Thursday, August 22, 2013

Quietly: A Conjuring of the Past

"Kids can do more damage than you think."

A confrontation driven by silence. A confession that holds few surprises yet I could barely breathe as the scene unfolded. 

The Abbey Theatre's production of Owen McCafferty's play about two men in a bar in Belfast has none of the usual trappings of Irish theatre set in a bar. There is no banter, joviality, or mucking about. Two men, with an agenda, are here to speak to each other and listen to each other.  Such a simple act is nothing of the kind when one is a Protestant and one a Catholic and this is Northern Ireland.  And that conversation/confrontation becomes the basis for the explosive drama of this play.

Recent Polish immigrant and barman Robert (Robert Zawadzki) is watching the Northern Ireland v. Poland match on TV. His one customer, Jimmy (Patrick O'Kane), comes in and warns him that a man, Ian (Declan Conlon), is coming and there will be a bit of trouble. What kind and over what we don't know. But the two men have a history and we will learn their history parallels Belfast's history. 

Jimmy sets the tone and course of action. He demands that Ian speak.  Ian tells his story.  But we already know how the story will end, even so, the intensity of the story gives a release to Jimmy and the audience to hear it spoken aloud. The anticipation and tension are palpable. I did not even want to shift in my seat for fear of setting off the tinderbox of the situation.

I reveled in McCafferty's writing skill. With a sure hand, the writing managed to steer clear of sentimentality, yet had me openly weeping.   The rituals of rembrance are presented simply and quietly.  It surprised me with its clarity of vision when it is a tricky subject to negotiate. Much of the political theater I saw at Edinburgh Fringe struggled to commit to its subject.  Here, I felt no hesitation.  

McCafferty's play also foregrounds the power of words.  Jimmy says, "There's more to the truth than facts."  Putting the "truth" into words and speaking them into the world changes us.   The past becomes present in the room.  Like a conjuring, Ian has taken an amorphous conflict and turned it into flesh. It becomes Jimmy and his life.  Yet it is Ian and his life too.  It is not just the day that changed their lives when they were 16. It's the intervening 30 years as well.  Through terrific performances and strong writing the men standing before us become children in front of our eyes.  McCafferty's script shows us the fork in the road of their lives--the moment of confronting it and the path they have been on ever since. We feel their regret, the weight of their deep and painful reflections, and we see them as they were, as they are, and as they could never be again.  

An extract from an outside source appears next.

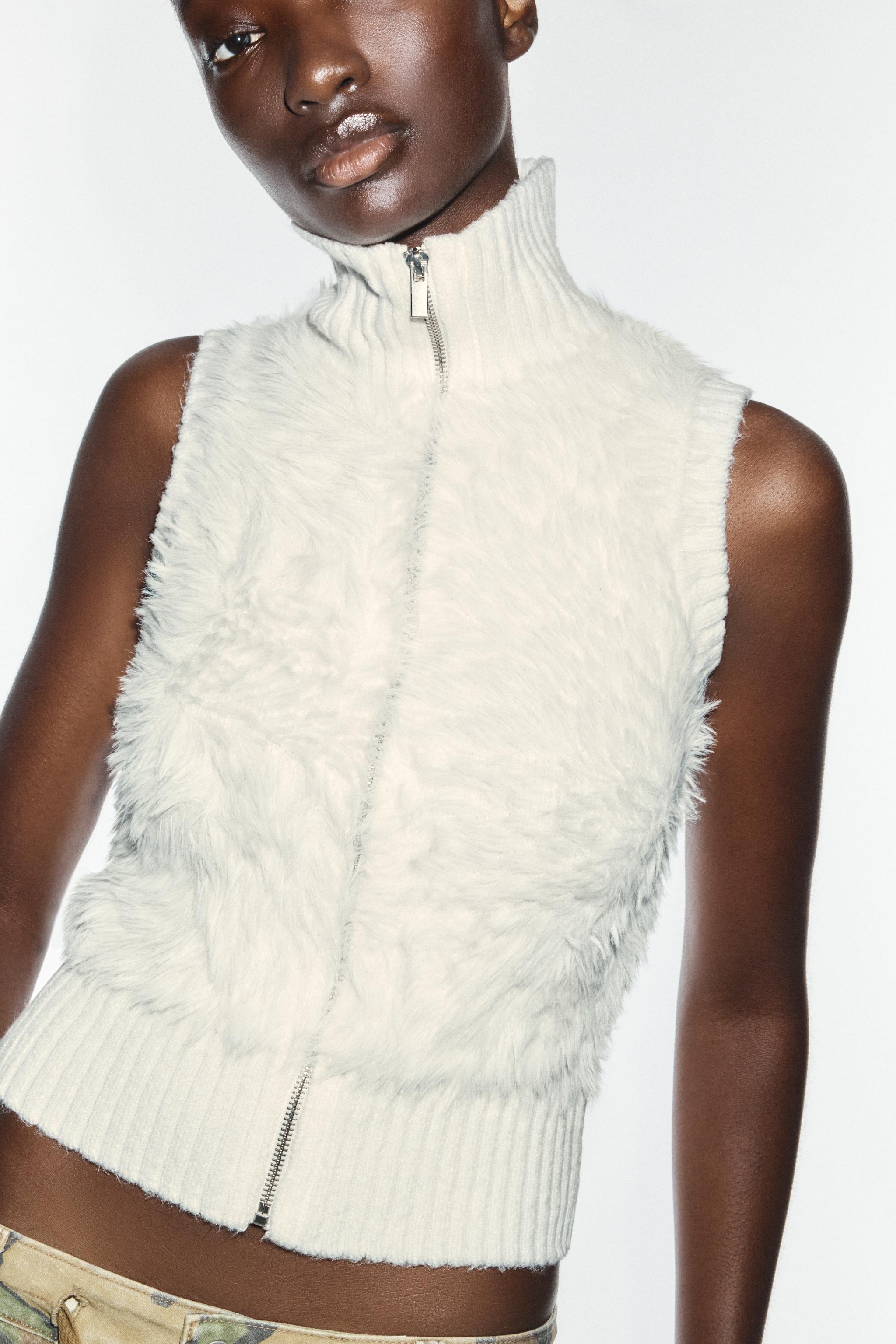 FAUX FUR COMBINED VEST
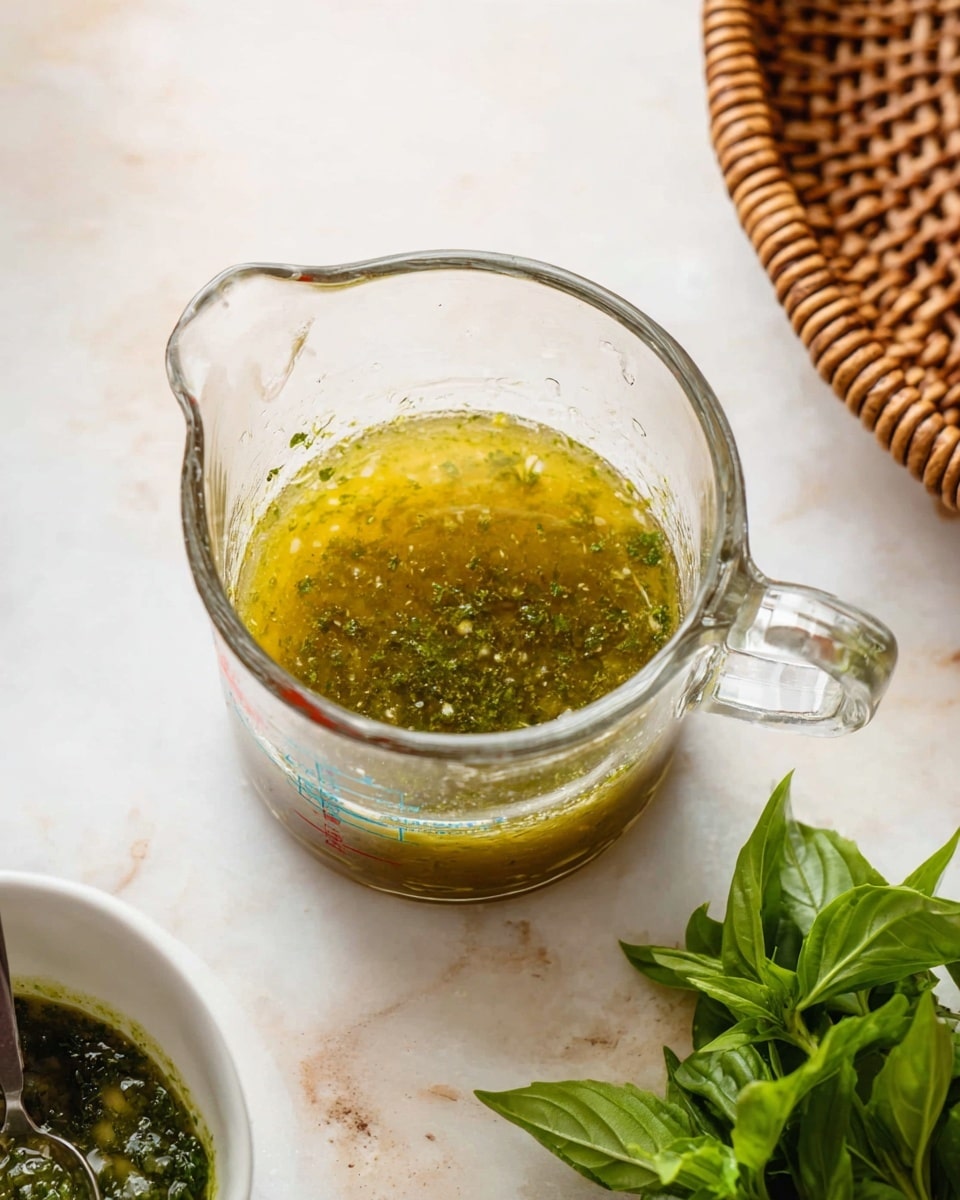 A clear glass measuring cup filled halfway with a thick, greenish-yellow sauce that has small bits of herbs and garlic floating in it; the sauce has a slightly oily shine on top. The glass measuring cup is placed on a white marbled surface. To the right of the cup, a small bunch of fresh, bright green basil leaves rest on the surface, their veins and soft texture visible. In the lower left corner is a glimpse of a white bowl containing more green sauce or pesto with a spoon inside. The top right background shows part of a round wicker basket with natural brown weaving. Photo taken with an iphone --ar 4:5 --v 7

Pure magic and it was one of the most transformative moments of the 2013 Fringe festival for me.

And the cast makes this all seem effortless.  O'Kane is wiry and raw.  He finds gradations in his anger and brings pain and loss to life.  Conlon's understated Ian provides the right balance of strength and sadness.  

One of the strongest pieces I saw at the Fringe and one I hope tours to New York.